There appears to be no specific occasion or commission that prompted Schütz to compose Der Schwanengesang. Rather Schütz seems to have devoted himself to a setting of Psalm 119 as part of a deep spiritual study in the last years of his life, following the example of numerous Lutheran theologians. In his Preface to the Psalter, Martin Luther himself refers to Psalm 119 as “a small Bible wherein everything is stated most beautifully and concisely, making them as it were an elegant enchiridion or handbook within the Bible as a whole.” Similarly Johannes Bugenhagen in writing about Psalm 119 asserts, “the contents of the entire Holy Writ are contained in this one psalm.” Musicologist Wolfgang Steude (whose reconstruction of the missing second soprano and tenor parts we will be performing) suggests that Schütz chose Psalm 119 for his “swan song” knowing that “in a sense it encompasses both Old and New Testaments – the whole Bible. In so doing, he created a landmark work and a personal, spiritual, religious, and artistic testament in what was avowedly to be his final opus.”
It is unlikely that the first eleven motets were ever performed before the twentieth century. At the time of its completion in the 1670s, Der Schwanengesang must have seemed very archaic indeed, completely out of step with the Neapolitan operatic style then in favor in Dresden.
Though Schütz had title pages printed, the work as a whole was never published and was assumed lost when the first complete works edition was published in the 19th century. In 1900 six of the eight manuscript partbooks were discovered in the town of Guben. The second soprano tenor partbooks, along with the continuo part, had been previously separated. The organ part was acquired from an antiquarian bookstore in Guben and was later purchased by the writer Stephan Zweig. The vocal partbooks were held in a library in Berlin and assumed lost in 1945 but were discovered in 1970 in a collection of uncatalogued manuscripts in the Sächsische Landesbibliothek in Dresden. With this discovery, together with the organ part, now housed in the British Museum, an edition was completed in time for the 400th anniversary of Schütz’s birth in 1985.

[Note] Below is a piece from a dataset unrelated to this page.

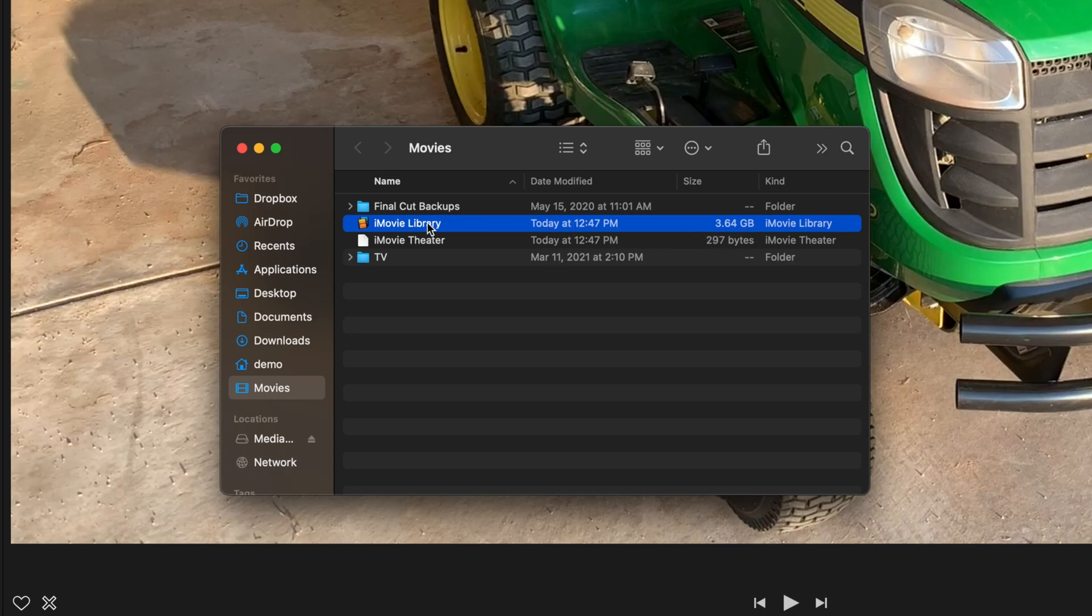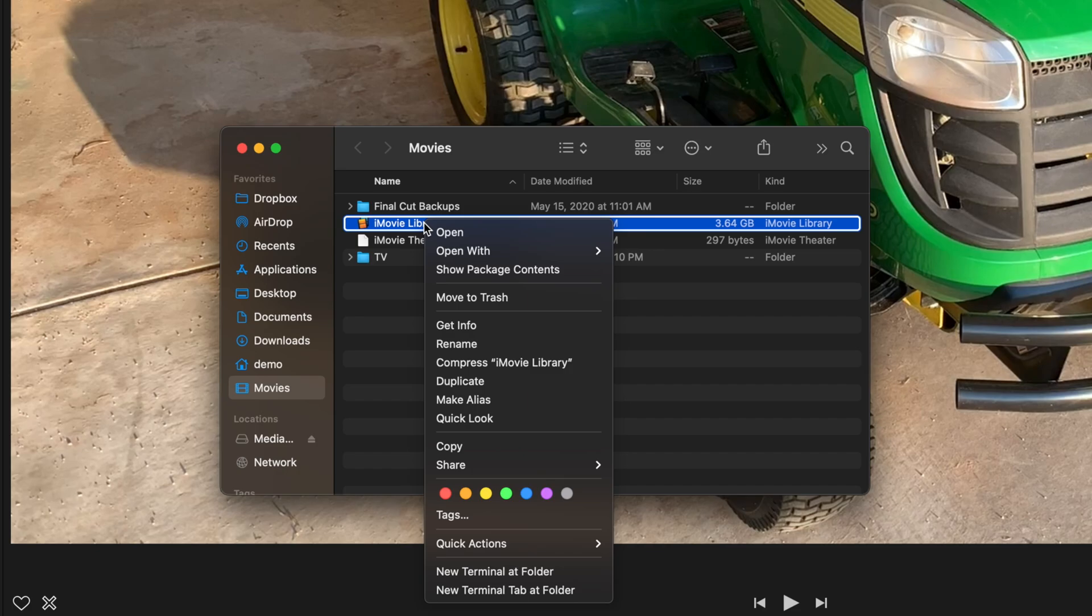If you don't see the Size column, then Control-click on the library and select Get Info from the drop-down.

Der Schwanengesang is set for double choir with continuo, and such a performance is entirely adequate. In his dedicatory comments to the Elector of Saxony, Schütz even recommends such a performance “by eight good voices with two little organs in the two fine choir lofts that were constructed opposite each other on either side of the altar in your Highness’ Court Chapel” However, Schütz also asked his colleague at the Dresden Chapel, Constantin Christian Dedekind, to expand his work by adding instruments. It seems that Dedekind, rather than carrying out the master’s request, made his own setting of Psalm 119, which he published several years later.
For these performances, I have assumed the task of carrying out Schütz’s request. For guidance, I turned to the extensive writings of Schütz’s predecessor as Dresden Kapellmeister, Michael Praetorius and to the many polychoral compositions of Schütz himself, as well as those of his colleagues Samuel Scheidt and Johann Hermann Schein. For this project I am deeply grateful to the advice and encouragement of Jeffrey Kurtzman, Herb Myers, Wolfgang von Kessinger and Nika Korniyenko.